EXTRACTED ENTRIES:
○ ○ ○ ○

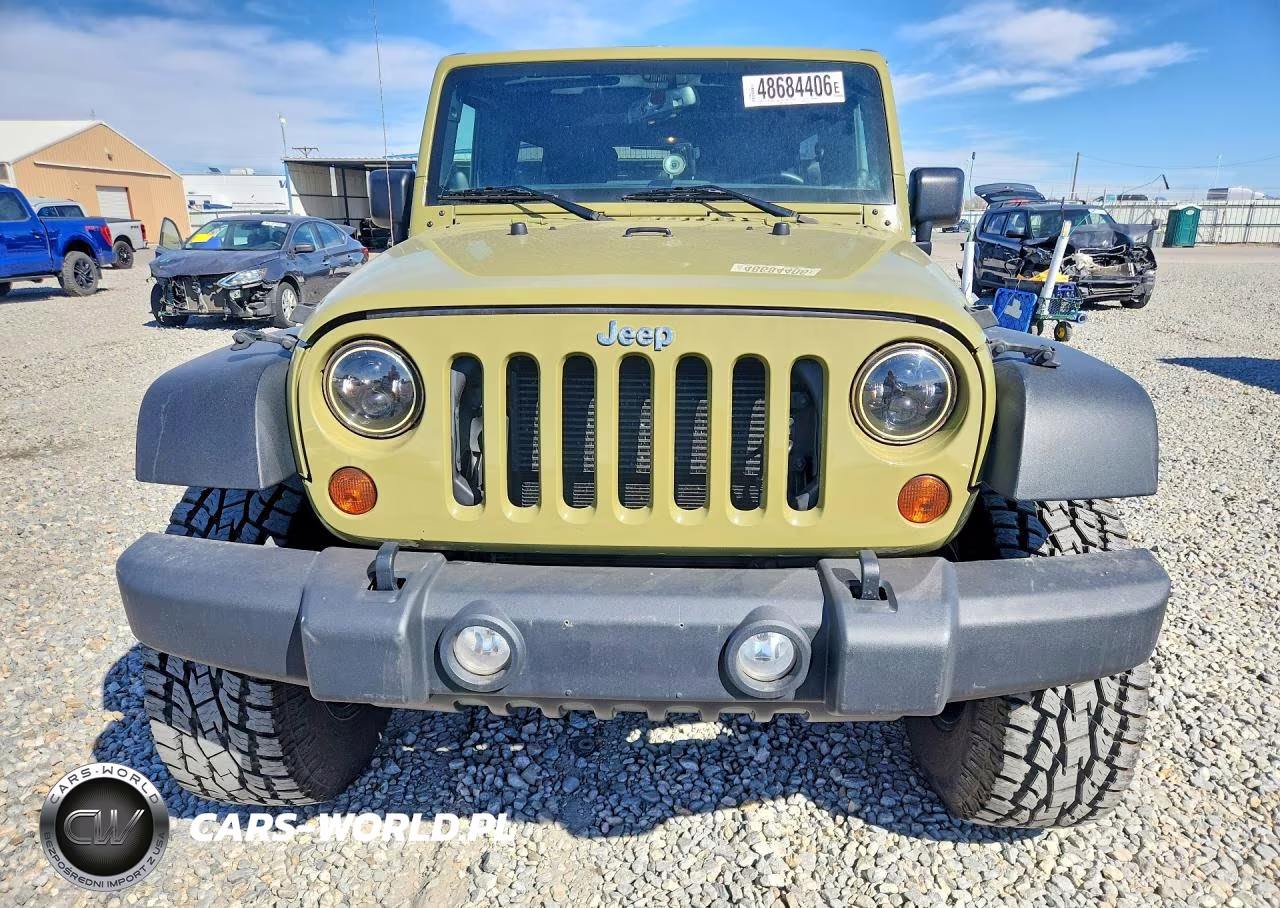 2013 Jeep Wrangler Unlimited Sport VIN:1C4BJWDG0DL605740 - 5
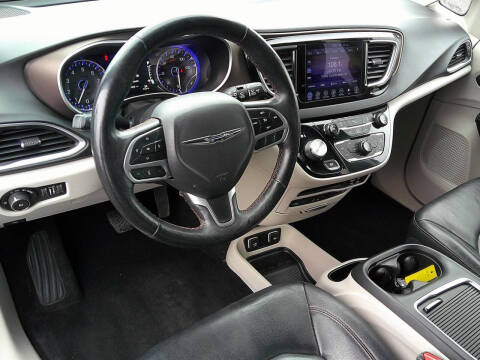 2017 Chrysler Pacifica Touring-L Plus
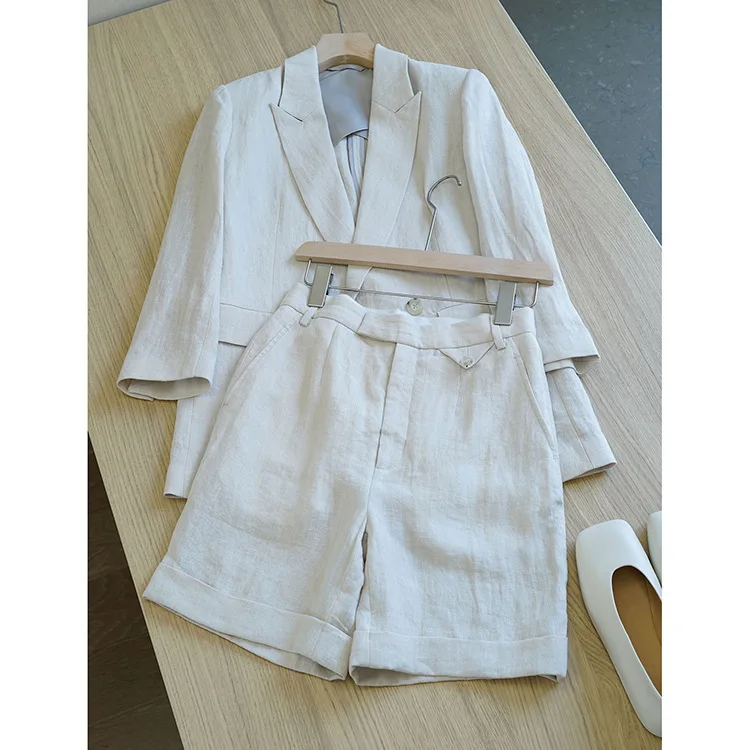 Ladies' Linen Two-piece Set, Suit Jacket + High-waisted Shorts Set for Daily Commuting Office Wear
Ladies' Linen Two-piece Set, Suit Jacket + High-waisted Shorts Set for Daily Commuting Office Wear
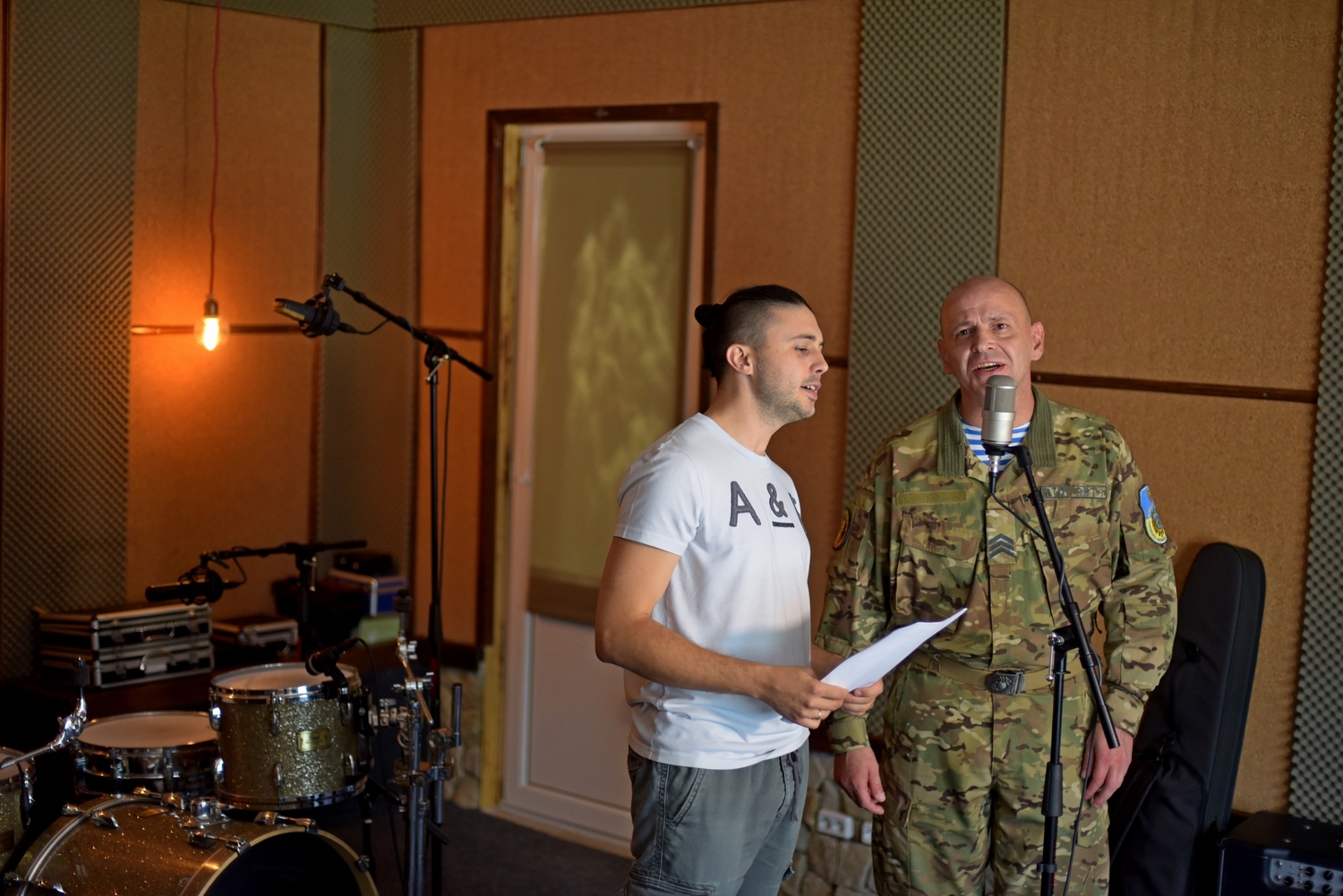 Солист группы Антитела Тарас Тополя спел песню в дуэте с бойцом АТО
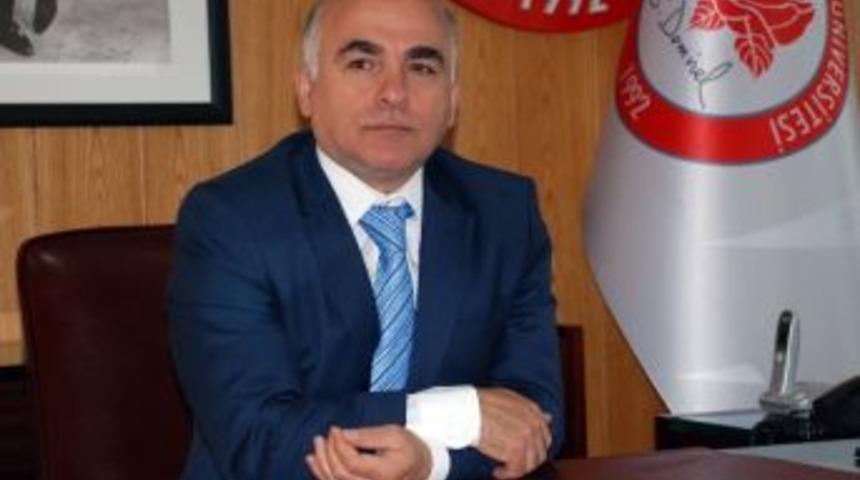 Rekt&ouml;r &Ouml;ğrencilerine Namus Belası&rsquo;nı S&ouml;yledi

○ ○ ○ ○

Repeat the entries exactly as they are given, leaving out each image.

 2013 Jeep Wrangler Unlimited Sport VIN:1C4BJWDG0DL605740 - 5
 2017 Chrysler Pacifica Touring-L Plus
 Ladies' Linen Two-piece Set, Suit Jacket + High-waisted Shorts Set for Daily Commuting Office Wear
Ladies' Linen Two-piece Set, Suit Jacket + High-waisted Shorts Set for Daily Commuting Office Wear
 Солист группы Антитела Тарас Тополя спел песню в дуэте с бойцом АТО
 Rekt&ouml;r &Ouml;ğrencilerine Namus Belası&rsquo;nı S&ouml;yledi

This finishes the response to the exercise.